Laurent Terzieff : L’alchimie, oui, très bon mot en ce qui concerne Buñuel. De la façon la plus banale qui soit, on lui avait parlé de moi, de l’expérience que j’avais et il m’avait demandé une photo, je crois que c’est une photo du genre photomaton, j’ai su par la suite qu’il l’avait gardée dans son portefeuille. Je crois qu’il cherchait des ondes par cette photo et puis quelques jours après, il m’a dit : on va travailler ensemble. Je crois qu’il y a eu ce contact alchimique avec la photo. Ah, c’était un personnage passionnant. [… il manque probablement quelques secondes] il est entré en scène d’une certaine façon, Buñuel pas du tout, Buñuel c’était une espèce de naturel extraordinaire. Ce qui était très étonnant à voir, c’était qu’il avait son scénario, il suivait entièrement son scénario, on dira le cinéma c’est ceci, le théâtre c’est cela, il y a mille façon de faire du théâtre, il y a mille façon de faire du cinéma, Welles disait, à l’image d’ailleurs, je l’ai entendu, il le disait dans un film qui lui était consacré : « n’importe qui peut faire des films, n’importe qui peut dire « moteur » mais c’est au montage qu’on voit le metteur en scène », Buñuel s’inscrit en faux ; il m’amusait, une fois au bout de trois semaines de tournage, il me prend par le bras et me dit : vous savez, - je n’essayerai pas d’imiter son accent, c’était très savoureux - il paraît que vous êtes très bien dans le film. Je lui ai dit : oui, je suis ravi mais pourquoi « il paraît » ? Il me dit : parce que c’est la monteuse qui me l’a dit. Il n’allait pas voir le montage du tout, il ne voyait pas les rushes. J’avais tout de suite compris que ce film c’était un film à clés et il ne fallait pas surtout avoir de discussion de fond là-dessus, avec lui. Il me dit un jour : vous connaissez –il me citait un acteur qui tournant- cet acteur ? Il vient de me dire qu’il avait enfin compris la psychologie de son personnage, quelle horreur !

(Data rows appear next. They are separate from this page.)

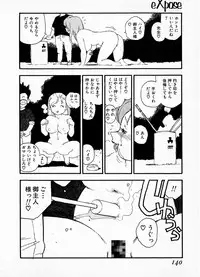 [Kaimeiji Yuu] eXpose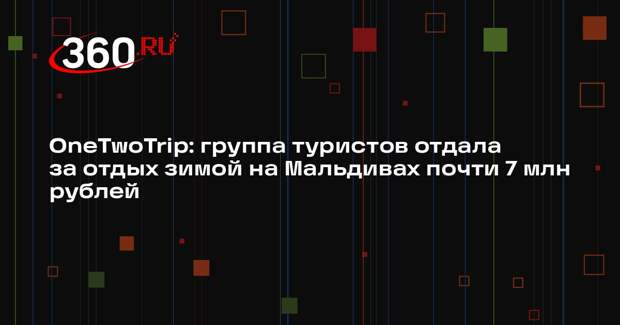 OneTwoTrip: группа туристов отдала за отдых зимой на Мальдивах почти 7 млн рублей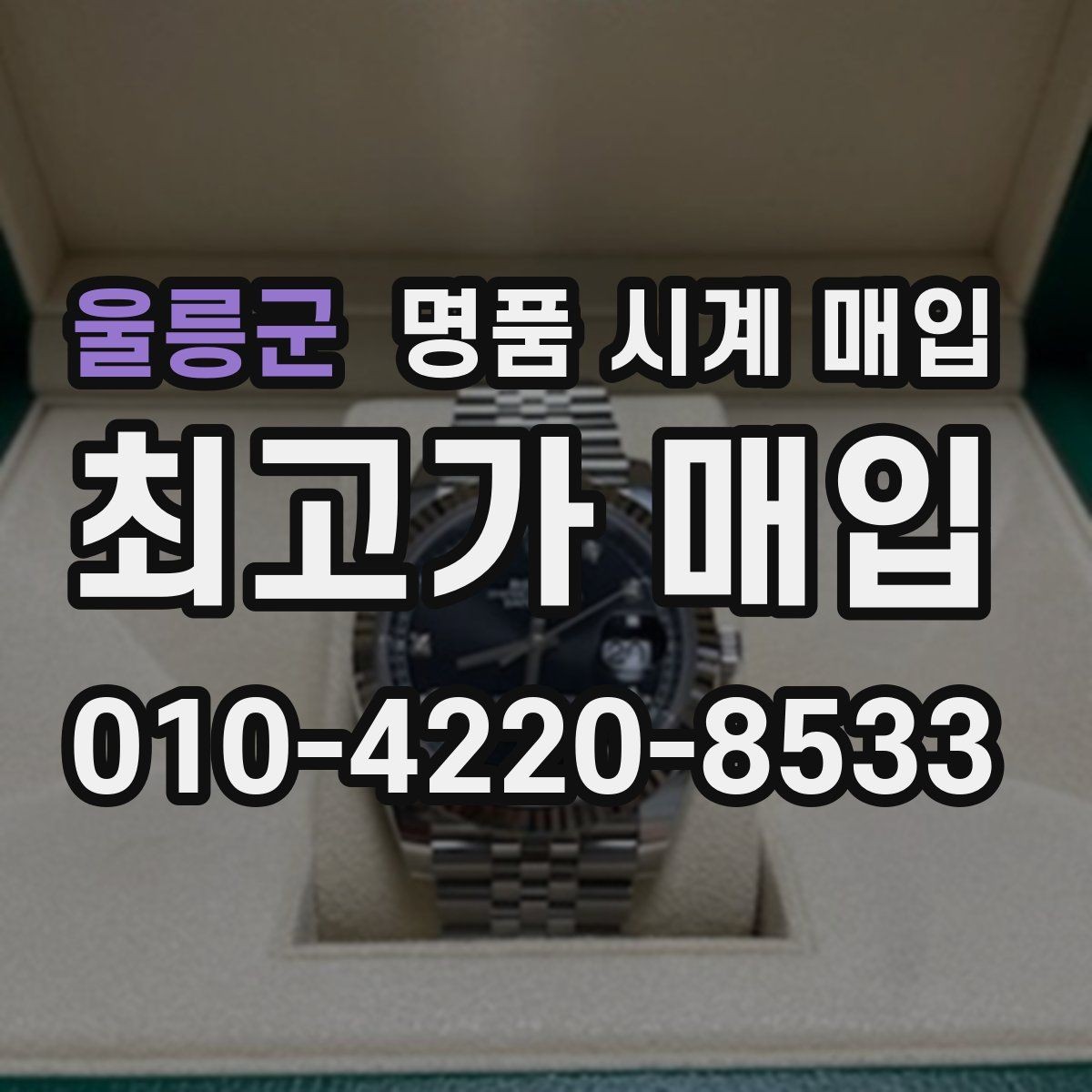 울릉군 명품 시계 매입 상담만 받아도 도움이 되는 핵심 정보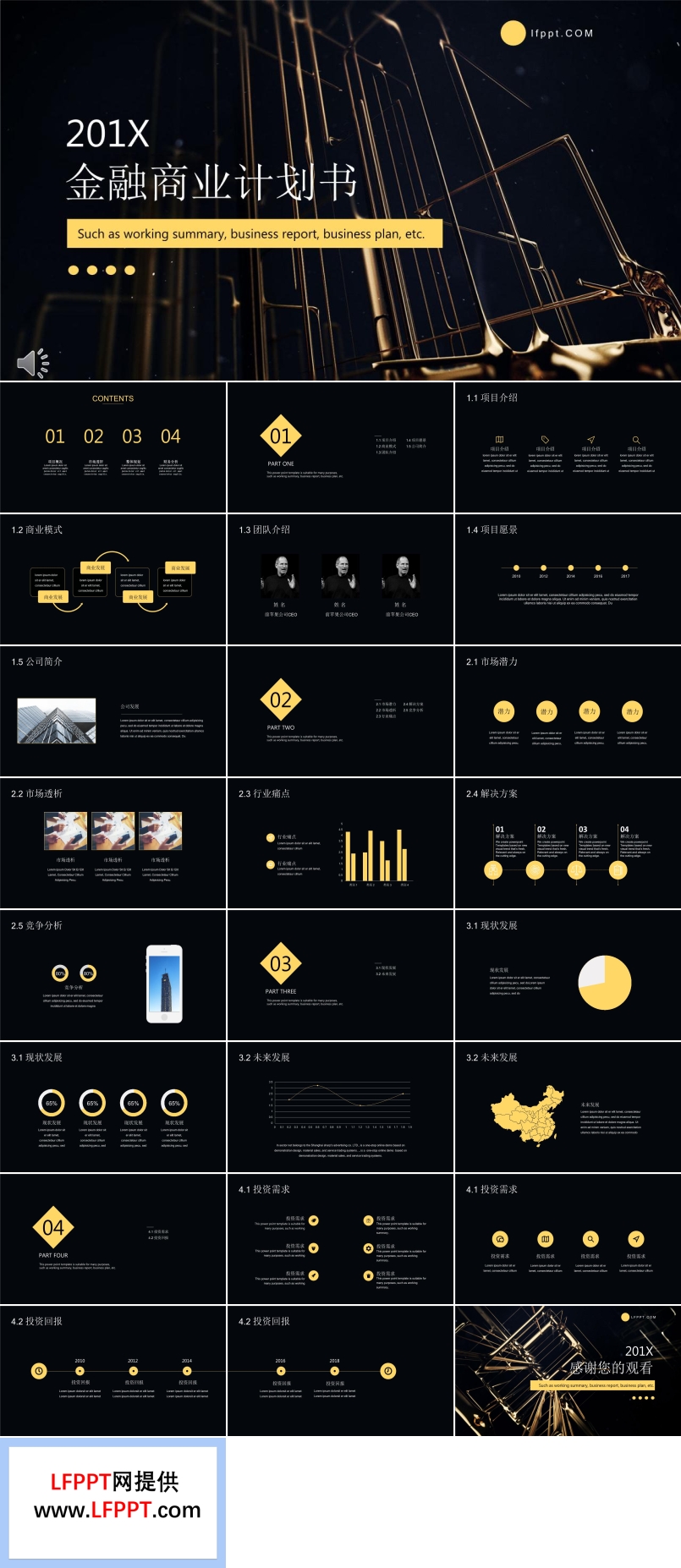 黑金風格金融商業(yè)計劃規(guī)劃策劃書PPT模板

Olivier Schmitt : Vous avez été souvent au début de votre carrière l’interprète des autres, sous la direction d’autres metteurs en scène puis plus rarement, au fur et à mesure que le temps passait, vous êtes devenu vous-même metteur en scène et vous avez moins accepté les invitations à vous fondre dans d’autres groupes, dans d’autres troupes. Cela dit, il y a quand même eu quelques grands rendez-vous avec quelques grandes figures de la mise en scène de ce demi-siècle, la première d’entre elles qui me vient à l’esprit est peut-être Peter Brook, en 1963, cela se passait à l’Athénée et vous jouiez la pièce d’un auteur contemporain anglais, John Arden, Le Sergent Musgrave. Qui était Peter Brook à cette époque-là ?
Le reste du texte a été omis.